Memory Usage

From bwHPC Wiki
Jump to: navigation, search

1 Memory Usage

Often compute jobs get aborted because there is not enough memory available on the compute node to hold all the data. This page gives guidelines and tips for some tools how much memory should be requested for these tools and how the required memory scales with data and number of processors.

1.1 Specify memory in the job script

Please remember to specify the memory your job needs in the jobscript. Otherwise it can happen that the job is cancelled by the scheduler when it trys to allocate memory.

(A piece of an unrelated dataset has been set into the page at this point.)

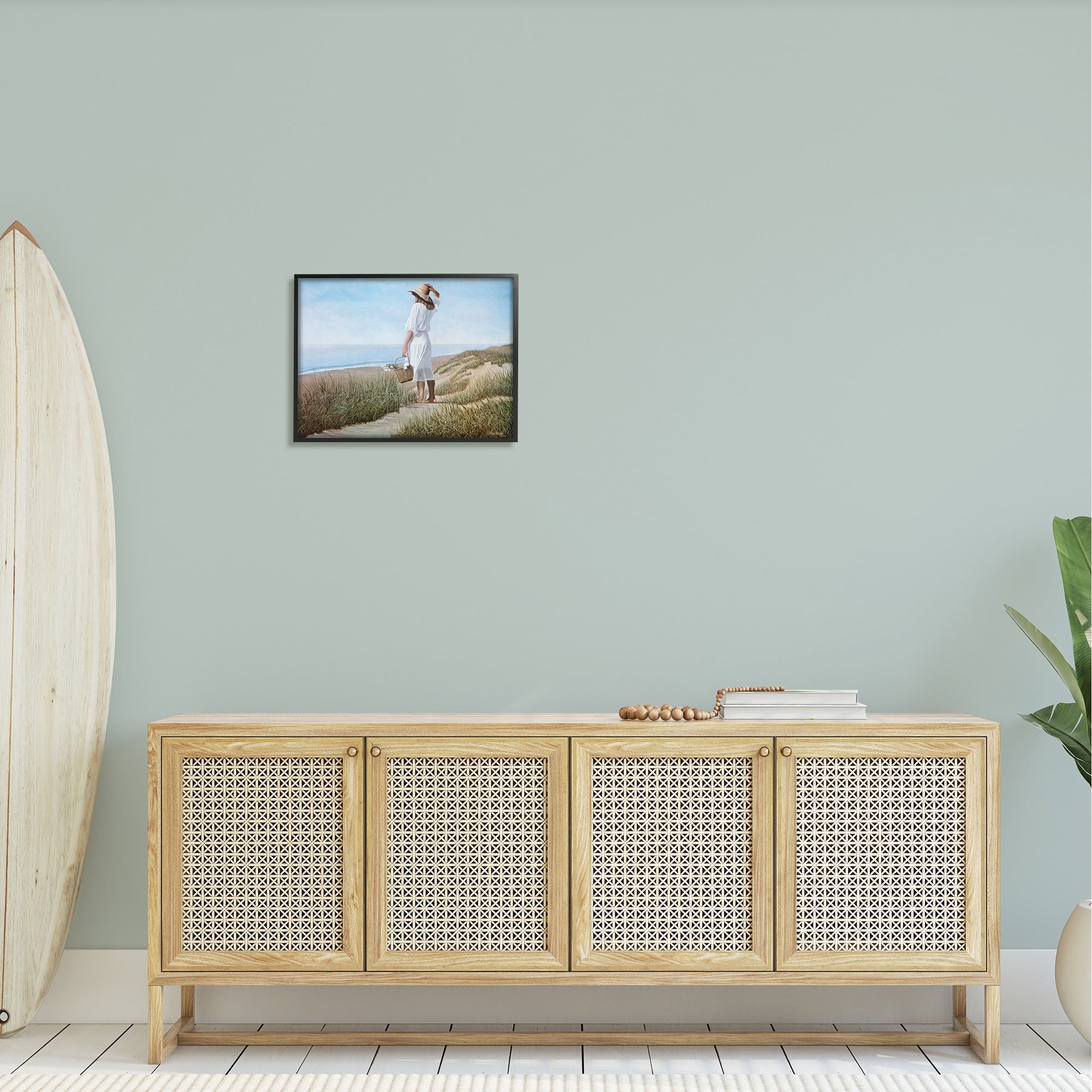 Stupell Industries Woman Enjoying Peaceful Beach Shore Landscape View Painting Black Framed Art Print Wall Art, Design by Tom Mielko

With the mem option you can request xx GB memory for the whole job.

#PBS -l mem=xxgb

With the pmem option you can request memory per core. This example will request 4 * xxGB, as the job runs on 4 cores.

#PBS -l nodes=1:ppn=4
#PBS -l pmem=xxgb

After the job finished a feedbackscript will denote the memory used by your job. This can help to get a more educated guess how much memory your jobs really need.

Memory job, MB                              | 420         [req.     10220]

1.2 Tools

1.2.1 Mothur

When analyzing reads with Mothur, at some point a distance matrix will be created. This pair wise distances are saved in a file with the .dist prefix. This matrix is held in memory when you have Mothur commands like cluster or cluster.split.

As stated in this Mothur forum post, the required memory increases with the number of used processes. If you experience memory problems with your Mothur script, you may have to use fewer processes for the clustering.

Note: The more processors used the more memory is required. Each process will load a distance matrix into memory (RAM).